A New York è stata aperta da qualche mese una rage room molto particolare. La Just Smash & Mad Splatter unisce rage room e splatter room. Questa stanza offre oggetti da distruggere e consente ai visitatori di portarsi dietro anche i propri oggetti da fare a pezzi. Se si ha, ad esempio, qualche regalo di un/una ex o delle foto si può portare tutto per provare l'ebrezza di vederle ridotto in mille pezzi.

La personalizzazione delle rage rooms è uno dei suoi punti di forza. Sempre in America è usanza delle aziende organizzare delle feste aziendali in cui i dipendenti e i manager danno libero sfogo alla propria rabbia, distruggendo soprattutto stampanti che vengono viste come una grande causa di stress, perchè spesso si inceppano, hanno vita breve e non sono funzionali.

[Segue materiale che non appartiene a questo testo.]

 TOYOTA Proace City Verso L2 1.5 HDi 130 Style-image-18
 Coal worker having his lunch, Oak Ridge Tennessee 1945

Tuttavia, questo tipo di rage room è stata messa sotto la lente di ingrandimento da parte della California Department of Toxic Substances Control. Quest'ultima ha affermato che distruggere rifiuti elettronici è considerato illegale perchè il loro smaltimento è complesso e può creare guai sia per la salute personale, che del globo. Per questo il Dipartimento ha affermato che indagherà sulle rage room che danno in pasto ai clienti computer o stampanti.

Un altro tipo di rage room che si sta diffondendo in America è quella relativo ad una stanza degli schizzi. In questo caso viene consentita un'esperienza per alleviare lo stess basata sul lancio di vernice o anche sulla possibilità di essere creativi e dipingere i propri disegni.

Le rage rooms in Italia

In Italia esiste la rage room Anger Games che è diventato un vero e proprio franchising e ha quattro sedi: Milano, Roma, Genova e Torino.

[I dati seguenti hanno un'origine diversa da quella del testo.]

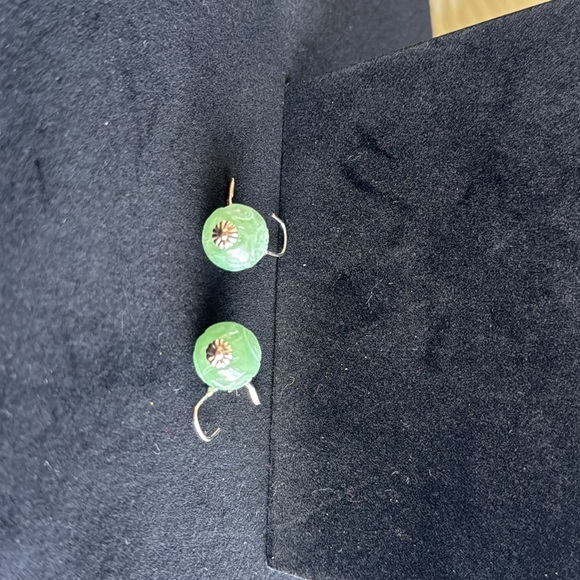 Vintage Jade Necklace and Earring Set - Picture 6 of 7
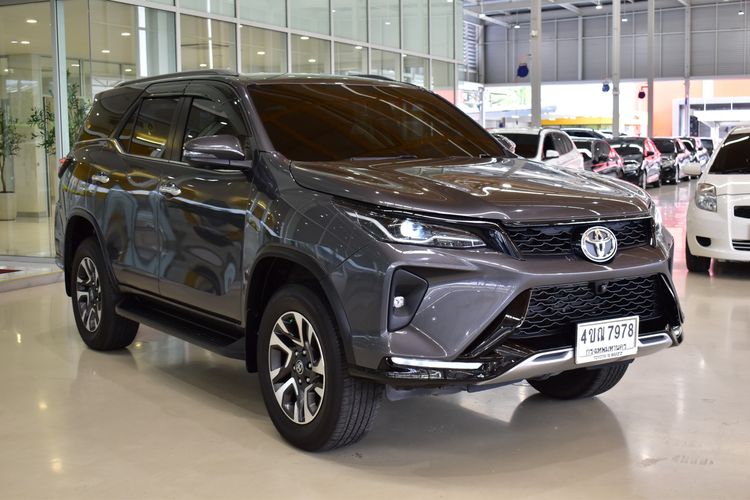 Toyota Fortuner 2023 2.4 Leader V Utility-car ดีเซล ไม่ติดแก๊ส เกียร์อัตโนมัติ เทา รูปที่ 2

All'interno di una di queste stanze insonorizzate ogni visitatore avrà 15 minuti di tempo per dare sfogo alla propria rabbia. Ė anche consentito portare una persona con sé (sia essa un amico o un parente) con cui condividere questa esperienza. Inoltre, sarà possibile portare un set di oggetti di proprietà che si desidera distruggere.

A Modena, invece, è stata creata la Smash Room. Si tratta di una stanza della rabbia a tre livelli (Hulk mood, Anxia 2020 e Tyson Kiss). Ognuna di queste presenta caratteristiche diverse, ma in generale il servizio comprende la presenza all'interno della rage room per 15 minuti, in cui non solo si avranno a disposizioni tutti gli oggetti adatti per canalizzare la propria rabbia, ma verrà data anche la possibilità di scegliere una colonna sonora con cui accompagnare le proprie azioni. Al termine dei 15 minuti, infine, verrà fornito il video della propria performance distruttrice.

Le rage rooms sono adatte a tutti?

Secondo diversi specialisti le rage rooms non dovrebbero essere aperte a tutti. Infatti bisognerebbe consentire l'accesso solo a quegli individui che sono padroni dei propri sentimenti e prendono questa attività esclusivamente come un modo per rilassarsi e divertirsi. Per coloro, invece, che covano una rabbia repressa e costante, sarebbe più consigliabile l'aiuto di uno specialista. Infatti, in questi casi esistono dei rischi che vanno considerati. Il primo è che un soggetto simile all'interno della rage room non riesca a controllarsi, distruggendo più di quello che gli è consentito e facendo male ad un amico o a se stesso. Il secondo è che si abitui alla stanza della rabbia e quest'ultima diventi una specie di droga, arrivando a confondere i luoghi dove può manifestarla da quelli dove non gli è consentito.

Per questo qualcuno suggerisce che sarebbe importante inserire delle sorte di test attitudinali prima di consentire l'ingresso all'interno della rage room.